Guernica II: Russian Bombing in Ukraine Echoes the Civil War in Spain and All It Meant
The mere mention of a 21st century version of World War II raises fears of a nuclear-laced clash among world powers. What if we’re following the footsteps of the democracies in the mid-1930s?
Fearing a ruinous global clash, democracies shrank from intervening militarily in the Spanish civil war. Historians now consider that a prelude to World War II. Sound familiar?
“The idea that we’re going to send in offensive equipment and have planes and tanks and trains going in with American pilots and American crews — just understand, don’t kid yourself, no matter what y’all say, that’s called World War III,” President Biden told supporters on Friday.
The mere mention of a 21st century version of World War II raises fears of a nuclear-laced clash among world powers. What, though, if rather than preventing, we’re just postponing such a war, as the democracies did in the mid-1930s?
Similar to what happened then, President Putin is urging Russia’s supporters from around the world to join his war, hoping to minimize the agony of mothers of his country’s conscript soldiers fighting a futile war and to maintain what little, if any, he has in the way of domestic support.
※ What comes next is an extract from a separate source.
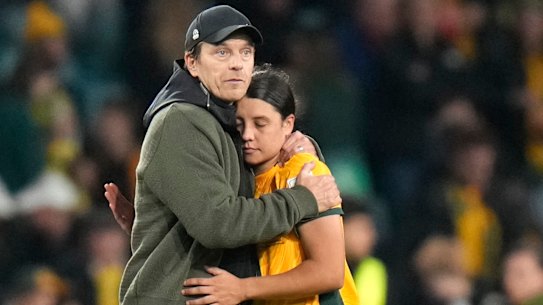 Coach Tony Gustavsson and captain Sam Kerr react to the Matildas’ loss.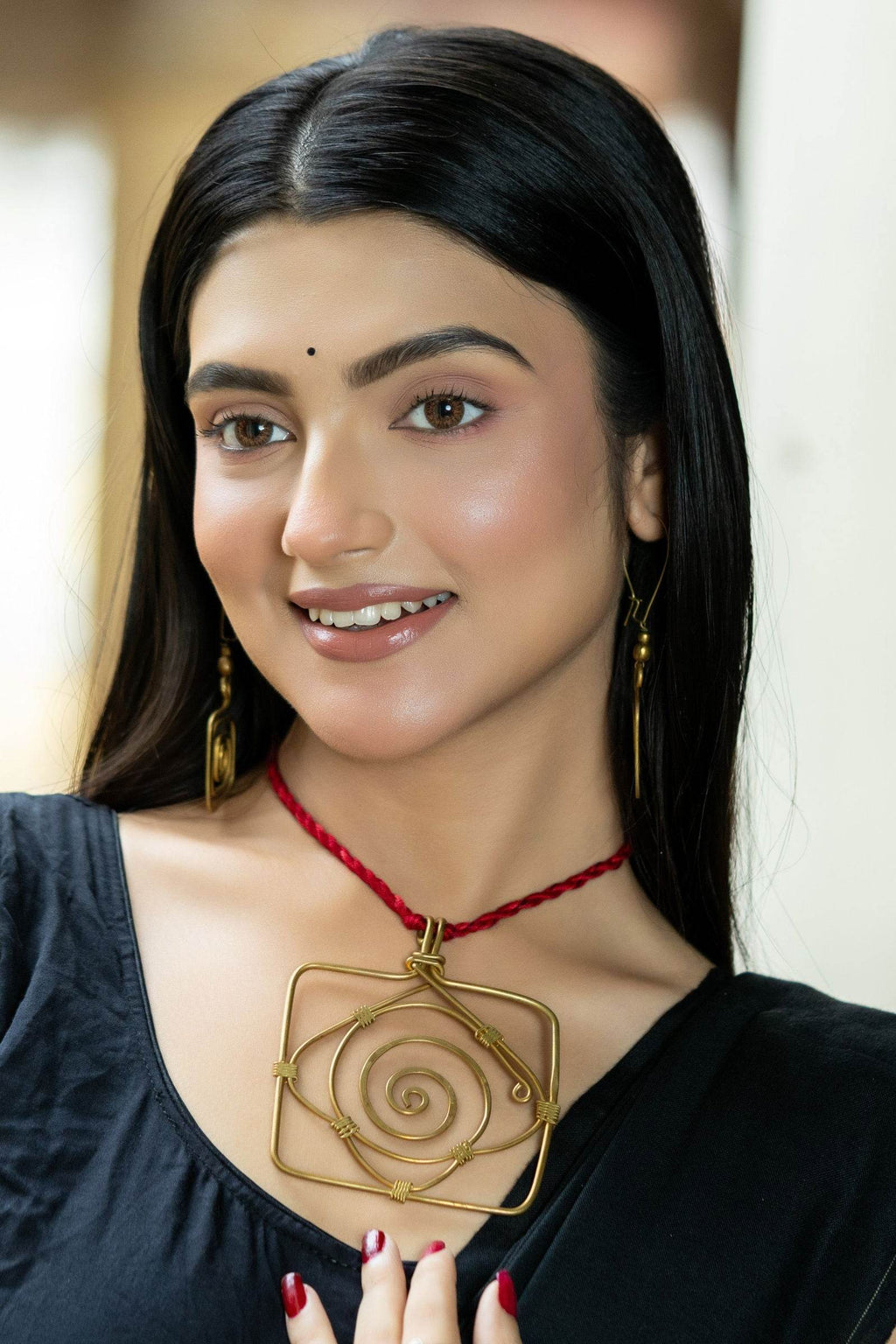 Handmade Dokra Brass Golden Square Necklace Set with Adjustable Red Dori & Earrings - Lookandadorn.com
The Kremlin-connected Wagner Group, which pays mercenaries $2,100 a month, sent some 400 fighters to Ukraine — after recently lowering its recruitment standards to allow previously banned ex-cons to join. Additionally Moscow has recruited Syrian, Chechen, and other fighters, offering each up to $300 to join the war.
On the other side, President Zelensky said that some 16,000 foreign fighters joined Ukraine as an “international legion” — including a number of American war veterans. Local paramilitary troops, including the fascist Azov Group, are fighting on the Ukrainian side as well.
Yet, just as in the 1930s, the democracies that maintain, or can raise, standing armies are declining calls to confront militarily Mr. Putin’s assault on Kiev’s elected government. They shrink from drawing a line in what is becoming a fight between authoritarians and democrats. The West will not even signal a military response to reported Russian plans to use chemical weapons or commit other war crimes.
At the United Nations, a replica of Picasso’s “Guernica” hangs prominently as a constant reminder of an unacceptable act of war. The piece, one of modern art’s most famous, depicts the April 26, 1937, slaughter of man, woman, and animal when German and Italian aircraft razed the Basque town of Gernike.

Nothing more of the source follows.